(Your assignment) Every picture should be left out, but the lines below must be repeated exactly.
────────
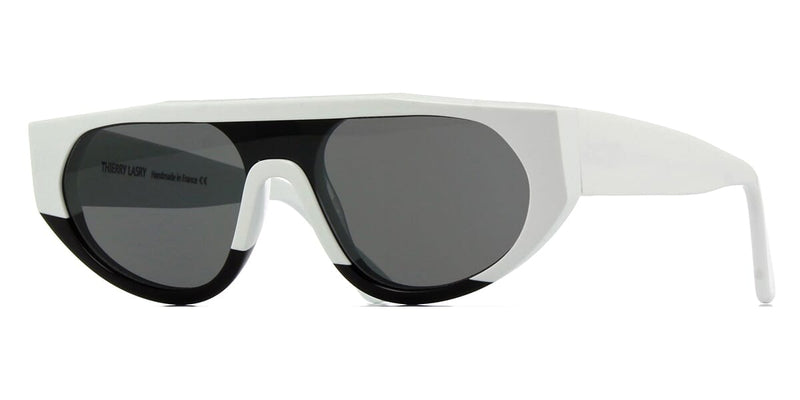 Thierry Lasry Kanibaly 000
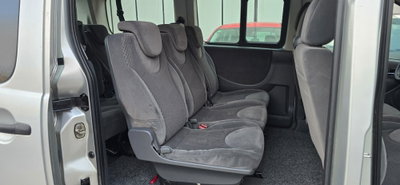 Citroen Jumpy Furgone 2.0 HDi/125 FAP PC Multispace Exclusive (14)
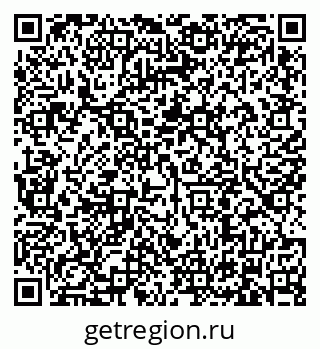 79634301635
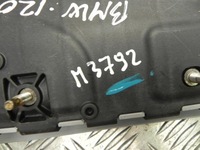 фото thumb №5, Шторка безпеки bmw 1 2009 з правої 601978916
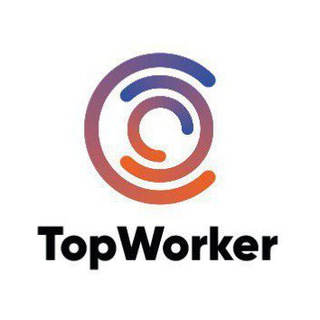 Аватар Telegram-канала РАБОТА ПОДРАБОТКА ВАХТА TopWorker 24151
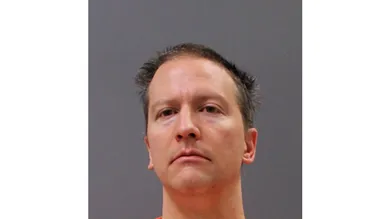 Minnesota Department of Corrections via Getty Images)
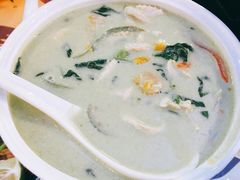 -simply thai天泰(长泰广场店)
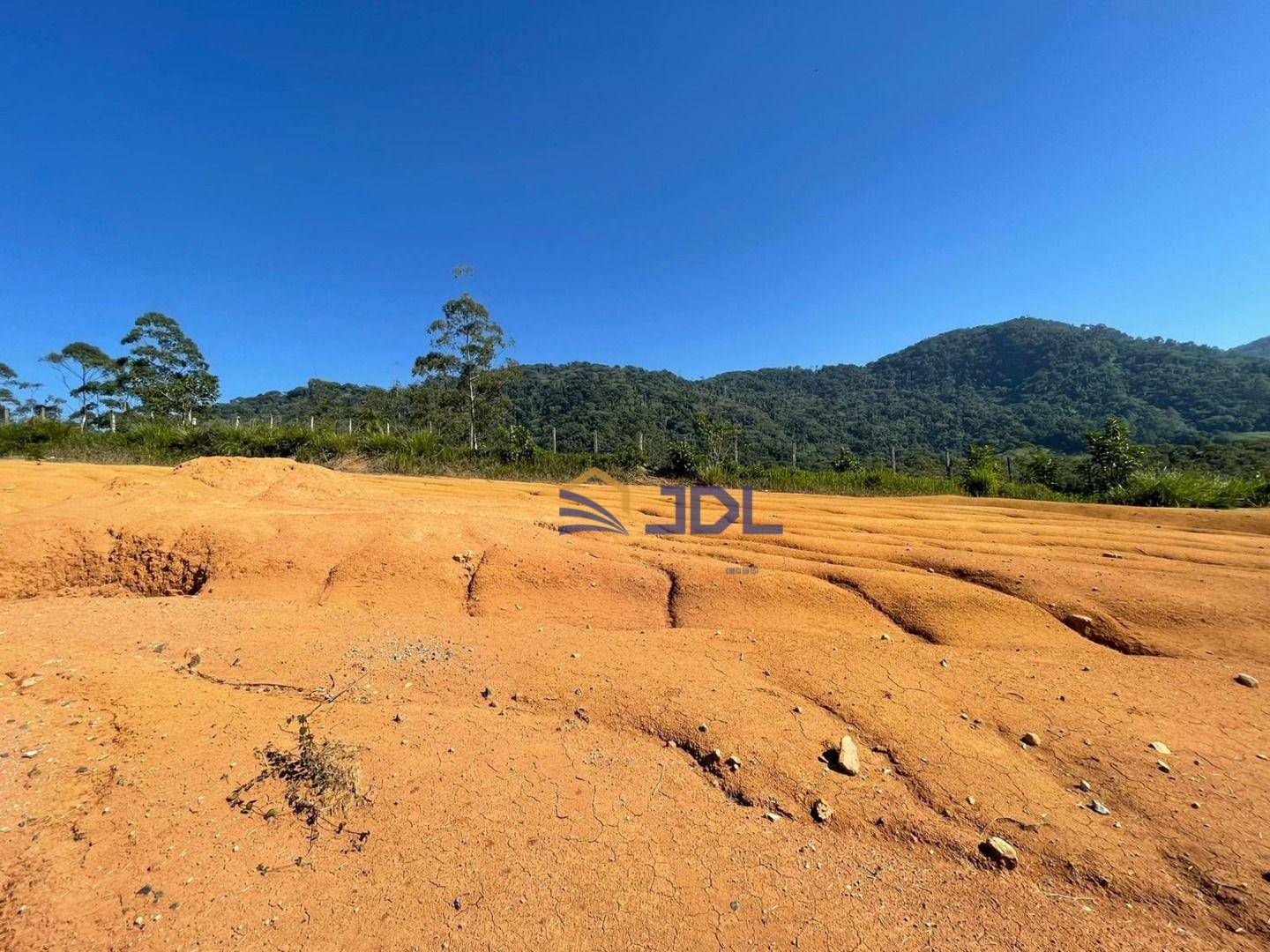 Loteamento e Condomínio à venda, 306M2 - Foto 1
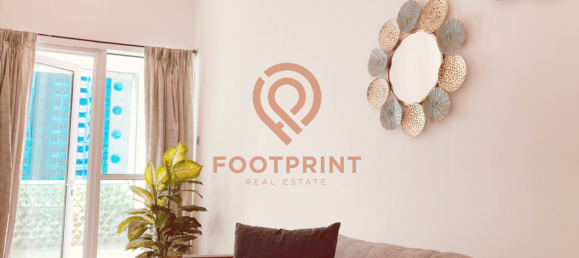 1 bedroom Apartment in Dubai Marina, UAE No. 23782 11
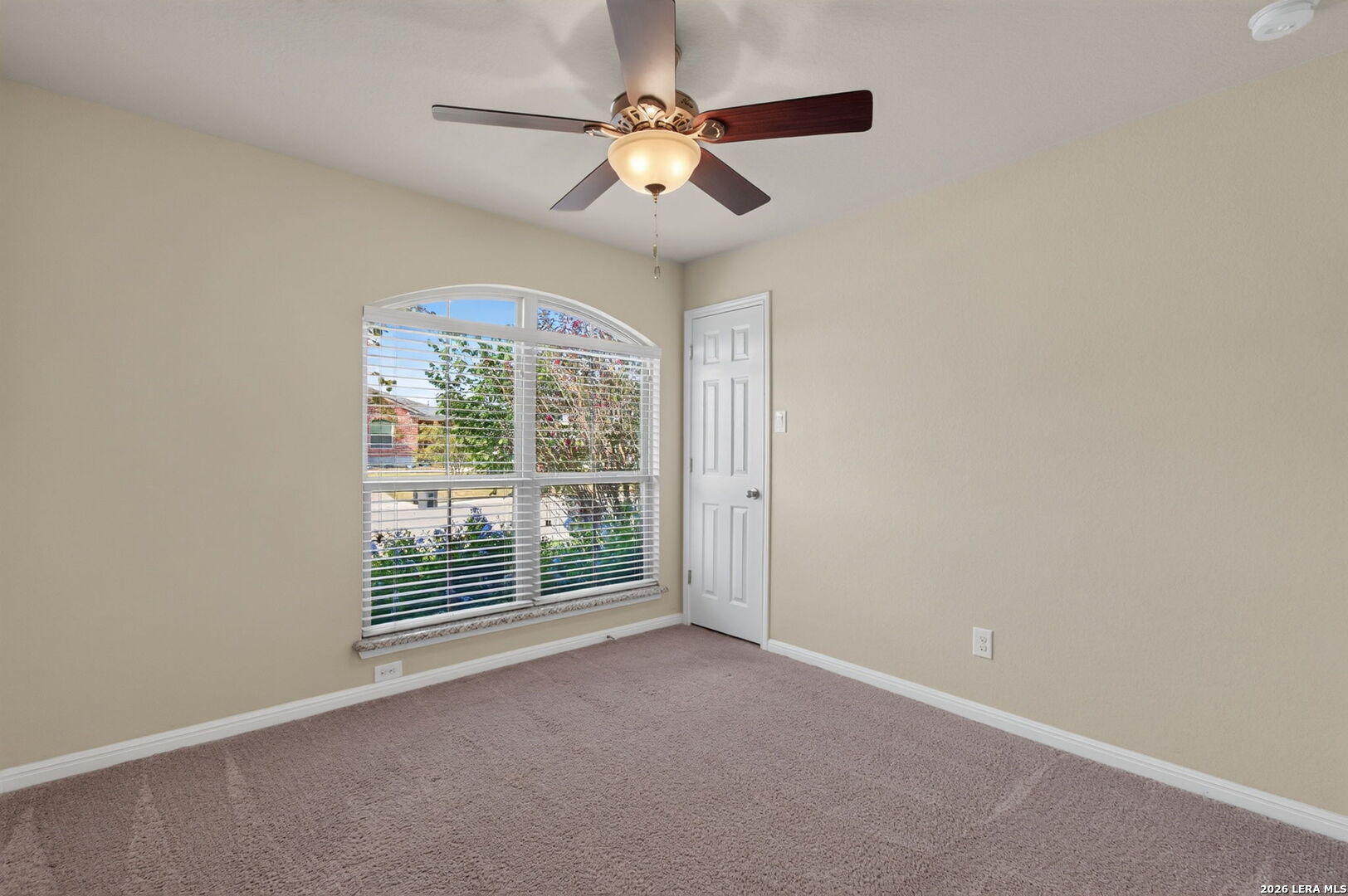 2609 Lonesome Creek Trail New Braunfels TX 78130
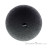 Blackroll Ball 12cm Rodillo de espuma
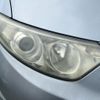 toyota estima 2006 -TOYOTA--Estima DBA-ACR50W--ACR50-7032963---TOYOTA--Estima DBA-ACR50W--ACR50-7032963- image 2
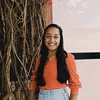 aline.bz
────────
(Response below)
 Thierry Lasry Kanibaly 000
 Citroen Jumpy Furgone 2.0 HDi/125 FAP PC Multispace Exclusive (14)
 79634301635
 фото thumb №5, Шторка безпеки bmw 1 2009 з правої 601978916
 Аватар Telegram-канала РАБОТА ПОДРАБОТКА ВАХТА TopWorker 24151
 Minnesota Department of Corrections via Getty Images)
 -simply thai天泰(长泰广场店)
 Loteamento e Condomínio à venda, 306M2 - Foto 1
 1 bedroom Apartment in Dubai Marina, UAE No. 23782 11
 2609 Lonesome Creek Trail New Braunfels TX 78130
 Blackroll Ball 12cm Rodillo de espuma
 toyota estima 2006 -TOYOTA--Estima DBA-ACR50W--ACR50-7032963---TOYOTA--Estima DBA-ACR50W--ACR50-7032963- image 2
 aline.bz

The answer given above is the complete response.